BEGIN

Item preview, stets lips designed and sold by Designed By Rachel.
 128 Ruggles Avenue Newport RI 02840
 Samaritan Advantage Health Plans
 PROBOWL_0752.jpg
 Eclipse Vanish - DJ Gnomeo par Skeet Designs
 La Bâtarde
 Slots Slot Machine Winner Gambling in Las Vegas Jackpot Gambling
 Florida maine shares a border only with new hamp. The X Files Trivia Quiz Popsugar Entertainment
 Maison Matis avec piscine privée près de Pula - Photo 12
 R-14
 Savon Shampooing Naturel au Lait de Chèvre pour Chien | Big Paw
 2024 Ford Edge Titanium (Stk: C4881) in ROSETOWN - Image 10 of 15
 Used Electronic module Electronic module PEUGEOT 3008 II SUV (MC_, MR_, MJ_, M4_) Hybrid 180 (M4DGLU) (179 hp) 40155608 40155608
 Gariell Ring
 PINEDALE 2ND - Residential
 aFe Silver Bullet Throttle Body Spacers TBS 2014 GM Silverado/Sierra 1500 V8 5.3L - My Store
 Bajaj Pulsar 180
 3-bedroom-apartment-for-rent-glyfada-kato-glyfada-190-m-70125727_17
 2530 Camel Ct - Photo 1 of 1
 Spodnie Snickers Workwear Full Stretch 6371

END

# Exercise instructions:
Extract exactly the leading lines of the data, stopping at and including the line with "Savon Shampooing Naturel".

# Final answer:
Item preview, stets lips designed and sold by Designed By Rachel.
 128 Ruggles Avenue Newport RI 02840
 Samaritan Advantage Health Plans
 PROBOWL_0752.jpg
 Eclipse Vanish - DJ Gnomeo par Skeet Designs
 La Bâtarde
 Slots Slot Machine Winner Gambling in Las Vegas Jackpot Gambling
 Florida maine shares a border only with new hamp. The X Files Trivia Quiz Popsugar Entertainment
 Maison Matis avec piscine privée près de Pula - Photo 12
 R-14
 Savon Shampooing Naturel au Lait de Chèvre pour Chien | Big Paw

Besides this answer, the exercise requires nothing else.